Ebbene, a tutt’oggi due dei tre soggetti sopra indicati (Ente nazionale per il Microcredito e della Fondazione Valore Italia – Foto a destra tratta da flickr.com) sono ancora vivi e vegeti. Anche l’Ente nazionale per il Microcredito, la cui chiusura era prevista entro 30 giorni dall’entrata in vigore del decreto, gode di ottima salute (tanto che fino a pochi giorni or sono ha organizzato manifestazioni di livello internazionale). Stessa sorte per la Fondazione ‘Valore Italia’ che avrebbe dovuto essere soppressa contestualmente all’entrata in vigore del decreto e che invece continua non solo ad operare, ma addirittura richiede ai cittadini il versamento di contributi tramite il cosiddetto 5 per mille….

E così via per molti altri enti (Isvap, Covip, Arcus spa, Centro Tipologico Nazionale e Comitato centrale per l’albo degli autotrasportatori solo per citarne alcuni) che, lungi dall’essere stati soppressi, sono più che attivi ed operativi e continuano, non si sa come e non si sa perché, a costituire un peso (come asserito dal decreto Monti) per la spesa pubblica.

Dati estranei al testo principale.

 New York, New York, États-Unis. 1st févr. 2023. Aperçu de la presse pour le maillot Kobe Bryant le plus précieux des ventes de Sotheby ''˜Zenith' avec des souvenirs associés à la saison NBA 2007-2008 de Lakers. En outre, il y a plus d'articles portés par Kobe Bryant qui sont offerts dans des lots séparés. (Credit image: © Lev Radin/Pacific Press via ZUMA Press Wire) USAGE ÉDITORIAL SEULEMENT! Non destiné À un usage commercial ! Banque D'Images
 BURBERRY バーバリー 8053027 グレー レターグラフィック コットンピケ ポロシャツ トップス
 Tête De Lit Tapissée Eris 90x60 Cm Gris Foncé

Come mai tutti queste voci di spesa non sono state cancellate? Ebbene, è successo, anche se pochi ne sono stati informati dopo il clamore del… “risparmio su tutti i fronti”, che molte delle misure che prevedevano abbattimento dei costi della pubblica amministrazione sono state lasciate dove si trovavano. L’assalto delle lobby ha così salvato molte piccole e grandi strutture: dall’authority sui fondi pensione alla Covip, dal Comitato per le pari opportunità al fondo Ovi per i comuni confinanti alla Cineteca Nazionale.

In realtà, più che guardare alla riduzione della spesa, i fabbisogni economici e finanziari sono stati coperti con nuove imposte, come per la “possibilità” che otto Regioni in ‘rosso’ aumentino l’Irpef locale, o l’aumento delle rette per gli studenti universitari fuori corso, oppure con modifiche sanzionatorie come le multe Antitrust per pratiche commerciali scorrette che potranno salire fino a 5 milioni di euro.

Nel frattempo, con la stessa legge si è deciso di ridurre del 20% le auto blu in uso dagli uffici della pubblica amministrazione e similari con una spesa complessiva di oltre 1 miliardo di euro.

Iniziativa meritevole se non fosse per il fatto che il Governo Monti ha stimato le auto blu in 60.429 unità, mentre le auto censite dal ministro Brunetta non più tardi di due anni fa erano ben 629.120. Ma allora, che fine hanno fatto (e quanto costano alle nostre tasche) le altre 568.691 auto blu?